More people passed by the window and Agatha began to usher me towards the back door, “No.” she said shortly “Edoric’ll bring you somethin’ to eat in a bit, rest ‘o the town won’t be so happy to see your face at evenin’ services so you can say your own prayers if you’ve a mind to.”
I suppose that was when I began to get suspicious that something in this town wasn’t right, more so than just the awful conditions of the crops and animals. Many in the Willem Valley would look down their nose at an Imperial Legionnaire, even the Greencloaks who took many of their recruits from the local folk were considered unwelcome in these out of the way places. However, I couldn’t imagine why they would have wanted to deny me the comfort of the Chapel and it’s minister. I was weary enough, and sick enough of my bad cooking, to let her lead me to the almost empty hayloft and strip off my armor.

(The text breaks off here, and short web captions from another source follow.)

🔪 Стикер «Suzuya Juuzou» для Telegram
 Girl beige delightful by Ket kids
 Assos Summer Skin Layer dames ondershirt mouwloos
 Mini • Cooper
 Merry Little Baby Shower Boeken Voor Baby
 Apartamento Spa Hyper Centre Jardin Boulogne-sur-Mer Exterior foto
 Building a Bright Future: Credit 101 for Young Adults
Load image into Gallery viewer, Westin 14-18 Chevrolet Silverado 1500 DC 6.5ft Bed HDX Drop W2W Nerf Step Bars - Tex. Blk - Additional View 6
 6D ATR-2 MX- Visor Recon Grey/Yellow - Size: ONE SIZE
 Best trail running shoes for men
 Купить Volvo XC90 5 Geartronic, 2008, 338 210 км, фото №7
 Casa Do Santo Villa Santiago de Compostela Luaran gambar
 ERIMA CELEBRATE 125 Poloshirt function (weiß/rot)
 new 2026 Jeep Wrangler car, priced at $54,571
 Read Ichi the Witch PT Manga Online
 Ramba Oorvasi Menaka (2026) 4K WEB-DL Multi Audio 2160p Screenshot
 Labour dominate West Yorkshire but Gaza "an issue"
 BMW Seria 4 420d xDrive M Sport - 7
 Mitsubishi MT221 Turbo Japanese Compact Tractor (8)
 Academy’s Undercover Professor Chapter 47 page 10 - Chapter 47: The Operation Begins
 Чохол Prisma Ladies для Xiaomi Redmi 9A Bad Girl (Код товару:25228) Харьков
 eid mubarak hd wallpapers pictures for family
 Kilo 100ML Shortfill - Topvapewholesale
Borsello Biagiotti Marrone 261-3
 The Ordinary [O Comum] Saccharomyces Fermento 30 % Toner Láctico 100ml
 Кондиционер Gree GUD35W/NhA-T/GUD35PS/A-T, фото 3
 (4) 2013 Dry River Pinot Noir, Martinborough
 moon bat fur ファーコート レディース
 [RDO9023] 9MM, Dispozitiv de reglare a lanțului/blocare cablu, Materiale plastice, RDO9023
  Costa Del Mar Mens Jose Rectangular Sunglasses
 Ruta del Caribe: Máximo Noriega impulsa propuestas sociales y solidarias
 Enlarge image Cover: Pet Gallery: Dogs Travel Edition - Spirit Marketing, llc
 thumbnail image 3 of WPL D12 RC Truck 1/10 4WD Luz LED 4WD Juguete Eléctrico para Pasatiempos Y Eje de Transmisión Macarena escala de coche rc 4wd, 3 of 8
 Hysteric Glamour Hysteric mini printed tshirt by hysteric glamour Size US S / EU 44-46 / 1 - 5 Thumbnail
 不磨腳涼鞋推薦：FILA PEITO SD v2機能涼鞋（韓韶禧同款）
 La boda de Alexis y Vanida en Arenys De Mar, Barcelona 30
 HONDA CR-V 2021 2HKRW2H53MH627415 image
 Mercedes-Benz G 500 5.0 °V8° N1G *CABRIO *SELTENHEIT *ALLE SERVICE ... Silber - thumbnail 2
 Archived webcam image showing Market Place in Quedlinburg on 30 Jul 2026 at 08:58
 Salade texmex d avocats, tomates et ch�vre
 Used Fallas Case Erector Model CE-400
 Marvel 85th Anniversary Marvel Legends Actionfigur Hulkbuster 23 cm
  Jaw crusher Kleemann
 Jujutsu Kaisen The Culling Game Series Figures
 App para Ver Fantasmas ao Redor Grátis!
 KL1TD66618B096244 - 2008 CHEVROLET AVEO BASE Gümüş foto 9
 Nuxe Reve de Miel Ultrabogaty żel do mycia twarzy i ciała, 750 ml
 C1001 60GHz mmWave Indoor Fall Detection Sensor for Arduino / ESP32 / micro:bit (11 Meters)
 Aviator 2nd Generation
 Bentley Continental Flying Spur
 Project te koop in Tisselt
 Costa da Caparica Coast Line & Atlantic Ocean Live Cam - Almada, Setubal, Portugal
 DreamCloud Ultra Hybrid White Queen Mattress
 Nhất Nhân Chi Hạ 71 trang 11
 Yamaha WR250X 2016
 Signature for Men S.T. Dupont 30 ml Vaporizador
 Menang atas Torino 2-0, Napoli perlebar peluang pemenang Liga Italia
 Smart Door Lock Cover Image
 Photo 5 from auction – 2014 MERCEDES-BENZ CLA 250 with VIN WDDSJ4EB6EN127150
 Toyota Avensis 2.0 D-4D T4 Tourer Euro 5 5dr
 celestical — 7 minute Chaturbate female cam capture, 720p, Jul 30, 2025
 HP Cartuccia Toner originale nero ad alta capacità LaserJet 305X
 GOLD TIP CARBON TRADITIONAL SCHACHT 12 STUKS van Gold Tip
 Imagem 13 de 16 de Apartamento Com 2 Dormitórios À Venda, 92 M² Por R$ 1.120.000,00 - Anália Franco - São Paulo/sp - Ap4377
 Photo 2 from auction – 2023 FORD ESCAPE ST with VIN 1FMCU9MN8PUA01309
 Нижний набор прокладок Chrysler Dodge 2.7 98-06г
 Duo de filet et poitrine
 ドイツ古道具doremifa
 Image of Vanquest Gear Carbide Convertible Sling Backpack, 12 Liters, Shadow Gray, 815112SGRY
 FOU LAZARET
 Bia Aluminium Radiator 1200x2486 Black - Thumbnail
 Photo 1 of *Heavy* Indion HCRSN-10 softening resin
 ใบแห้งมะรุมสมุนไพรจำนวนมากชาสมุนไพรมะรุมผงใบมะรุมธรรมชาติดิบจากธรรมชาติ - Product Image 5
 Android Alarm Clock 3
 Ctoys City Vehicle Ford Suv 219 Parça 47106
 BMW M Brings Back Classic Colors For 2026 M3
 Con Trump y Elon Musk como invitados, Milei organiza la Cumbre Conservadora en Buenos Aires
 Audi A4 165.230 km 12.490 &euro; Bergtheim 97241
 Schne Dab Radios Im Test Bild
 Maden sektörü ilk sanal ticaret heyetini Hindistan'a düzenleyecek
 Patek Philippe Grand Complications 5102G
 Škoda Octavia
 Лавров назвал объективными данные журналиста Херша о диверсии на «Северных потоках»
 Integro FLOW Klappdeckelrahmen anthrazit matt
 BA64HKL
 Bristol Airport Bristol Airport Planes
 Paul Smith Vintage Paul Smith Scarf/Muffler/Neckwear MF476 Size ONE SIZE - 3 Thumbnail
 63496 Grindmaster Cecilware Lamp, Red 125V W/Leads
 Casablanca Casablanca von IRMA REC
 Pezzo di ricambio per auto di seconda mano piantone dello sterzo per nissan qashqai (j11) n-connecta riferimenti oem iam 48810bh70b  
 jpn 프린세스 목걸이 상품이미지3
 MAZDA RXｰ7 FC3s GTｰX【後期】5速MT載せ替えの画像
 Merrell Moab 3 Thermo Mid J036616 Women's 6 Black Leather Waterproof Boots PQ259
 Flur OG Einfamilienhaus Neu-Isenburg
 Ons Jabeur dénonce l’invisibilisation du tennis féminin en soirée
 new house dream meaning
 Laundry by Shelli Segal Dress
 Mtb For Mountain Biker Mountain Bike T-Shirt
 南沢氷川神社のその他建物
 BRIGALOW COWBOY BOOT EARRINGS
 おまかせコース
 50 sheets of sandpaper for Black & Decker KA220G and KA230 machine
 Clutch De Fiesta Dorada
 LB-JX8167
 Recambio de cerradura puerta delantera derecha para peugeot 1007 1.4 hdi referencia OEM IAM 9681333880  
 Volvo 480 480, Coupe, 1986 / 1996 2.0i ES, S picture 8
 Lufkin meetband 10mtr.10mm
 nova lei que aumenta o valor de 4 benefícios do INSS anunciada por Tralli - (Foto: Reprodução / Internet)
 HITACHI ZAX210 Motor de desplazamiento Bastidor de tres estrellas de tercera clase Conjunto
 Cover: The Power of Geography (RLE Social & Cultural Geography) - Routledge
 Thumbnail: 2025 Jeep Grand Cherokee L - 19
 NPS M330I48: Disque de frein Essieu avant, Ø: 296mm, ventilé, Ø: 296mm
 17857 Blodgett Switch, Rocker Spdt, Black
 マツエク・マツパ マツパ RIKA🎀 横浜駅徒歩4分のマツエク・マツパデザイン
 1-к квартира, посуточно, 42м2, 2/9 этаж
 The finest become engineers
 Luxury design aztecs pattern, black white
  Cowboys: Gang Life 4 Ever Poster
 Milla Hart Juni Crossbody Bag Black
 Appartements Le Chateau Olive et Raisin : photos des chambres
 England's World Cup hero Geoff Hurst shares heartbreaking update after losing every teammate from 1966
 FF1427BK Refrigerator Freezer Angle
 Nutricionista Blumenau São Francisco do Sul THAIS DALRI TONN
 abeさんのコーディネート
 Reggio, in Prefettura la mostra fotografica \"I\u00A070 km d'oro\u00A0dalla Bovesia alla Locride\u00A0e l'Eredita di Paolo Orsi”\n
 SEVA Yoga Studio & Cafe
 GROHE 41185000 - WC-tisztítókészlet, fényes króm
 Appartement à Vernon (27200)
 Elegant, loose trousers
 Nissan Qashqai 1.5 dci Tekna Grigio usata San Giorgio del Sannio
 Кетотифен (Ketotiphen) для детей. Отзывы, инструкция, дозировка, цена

It wasn’t long before the little boy called up to me from the bottom of the ladder, a small metal pail in his hands. The light outside had nearly faded entirely and I’d lit my lantern to see by. I smiled down at him from where I sat against the barn wall, mending some of the rings of my maille and cleaning it. I climbed down and took the pail from him and lifted the lid to find lukewarm soup. “Thank you son.” He beamed at me and turned, running back towards barn door.
“G’night mister,” he said with a solemn look on his face. “Auntie tol’ me to stay in tonight or the bogles would get me. You should too.” he nodded succinctly and darted off across the yard.
As I ate I considered Agatha’s strange behavior and Edoric’s words. I wondered if perhaps I’d come across a nest of rebel sympathizers, it would certainly explain the lady not wanting me to be seen by the rest of the village in that case. Everyone had heard that some members of the Arcane Order had allied themselves with the rebel leaders and were aiding them, perhaps the Proctor here was cut of the same cloth and thus would not have been happy to see an Imperial soldier on his doorstep. I wondered if Agatha was protecting me, if she was a loyal citizen of the Empire caught between that loyalty and the rest of her village. I wondered what my father would have me do.
As I turned the situation over in my mind I heard a strange sound from outside. There was a small window I’d propped open for a bit of breeze at the end of the hayloft and I quickly blew out my lantern and crawled over to it. Peering out into the twilight I saw a strange procession of people trickling in groups of two and three leaving the houses and walking towards the fields. My heart hammered in my chest. At the head of the procession looked to be an Arcane proctor, pale colored robes billowing around him as he walked. It seemed all of the adults in the village were following him somewhere. Perhaps they had a secret meeting place in the grove of scraggly trees that had likely sheltered their livestock when sent to graze.